Your task - Lines from the one containing "Low section of man walking on road" through the final line of the records below are needed, copied exactly, with no pictures.

Data for processing -
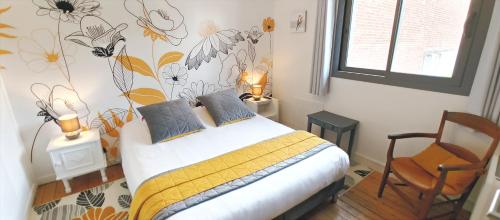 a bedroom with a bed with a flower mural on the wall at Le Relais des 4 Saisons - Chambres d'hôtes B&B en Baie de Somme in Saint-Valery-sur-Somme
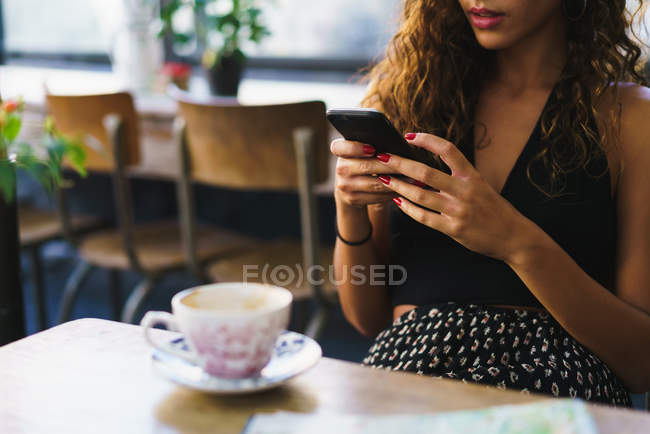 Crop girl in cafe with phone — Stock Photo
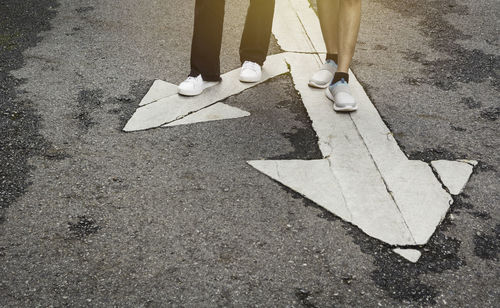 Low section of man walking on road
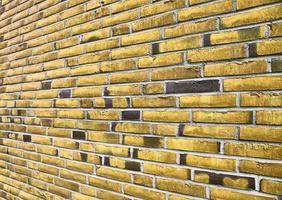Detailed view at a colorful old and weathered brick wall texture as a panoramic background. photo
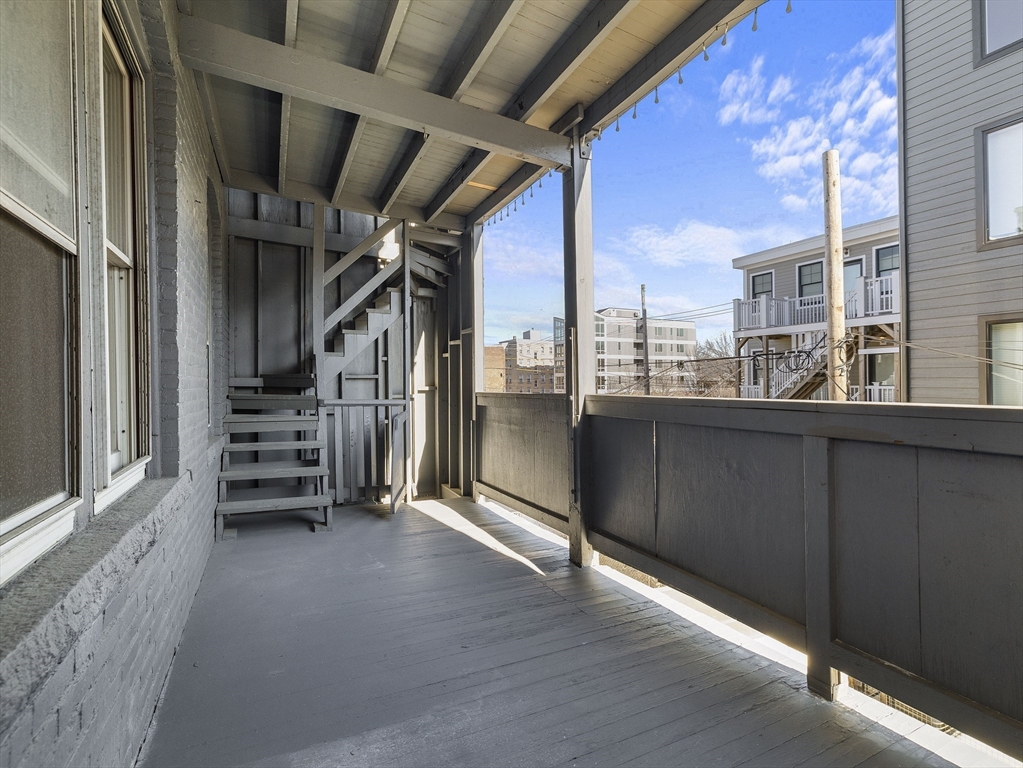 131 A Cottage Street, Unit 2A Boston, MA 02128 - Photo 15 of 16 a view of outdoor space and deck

Problem solution -
 Low section of man walking on road
Detailed view at a colorful old and weathered brick wall texture as a panoramic background. photo
 131 A Cottage Street, Unit 2A Boston, MA 02128 - Photo 15 of 16 a view of outdoor space and deck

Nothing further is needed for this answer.